To identify factors that predict complete response of cervical nodal disease to radiation therapy (RT) in patients with oropharyngeal squamous cell carcinoma (OP-SCCA).
Histologic analysis of prospectively collected specimens and retrospective medical chart review.
Tertiary referral center.
Sixty-nine patients with OP-SCCA treated from January 1, 2002, through June 1, 2008.
Definitive RT, with or without chemotherapy and with or without neck dissection (ND).
Main Outcome Measure
Presence of a viable tumor in post-RT ND specimen.

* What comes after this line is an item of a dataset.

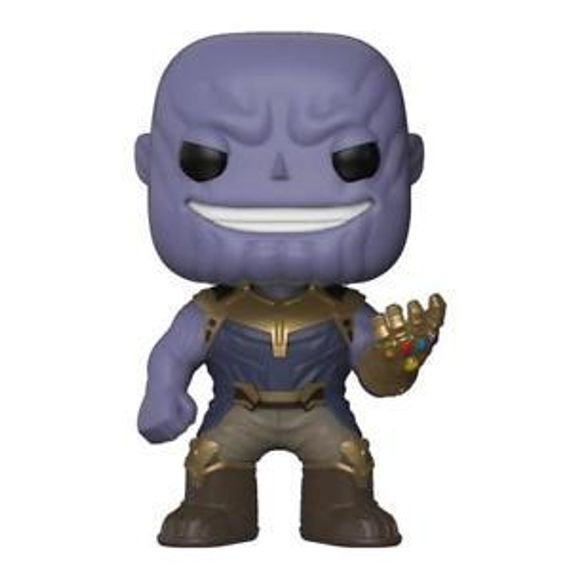 Funko Pop Marvel: Avengers Infinity War-Thanos Collectible Figure, Multicolor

Tissue specimens from 69 patients with OP-SCCA treated primarily with RT, with or without chemotherapy, were evaluated. Of these, 47 (68.1%) were strongly and diffusely positive for p16 expression by immunohistochemical analysis, signifying human papillomavirus positivity. Patients with p16-positive and p16-negative tumors (hereinafter, p16+ and p16−, respectively) had similarly sized primary tumors on presentation, but p16+ primary tumors were associated with more advanced neck disease (nodal stages N2c-N3; 31.9% vs 4.5% for p16− tumors) and more contralateral nodes (27.7% vs 4.5% for p16− tumors). Forty-seven patients (59.0%) underwent planned posttreatment ND (a total of 55 NDs). The NDs performed for p16− tumors were significantly more likely to have viable tumor in the specimen (50.0% vs 18.0% for p16+ tumors; P = .02). In addition, p16+ necks with residual viable cancer were characterized by incomplete response on post-RT imaging, tobacco and alcohol use, and extracapsular spread on pretreatment imaging.
In conjunction with other clinical parameters, p16 status can help predict the need for post-RT ND in patients with OP-SCCA. Although close observation may be warranted in selected patients with p16+ tumors, patients with p16− tumors are at much higher risk for residual neck disease, even when initial nodal disease is less advanced.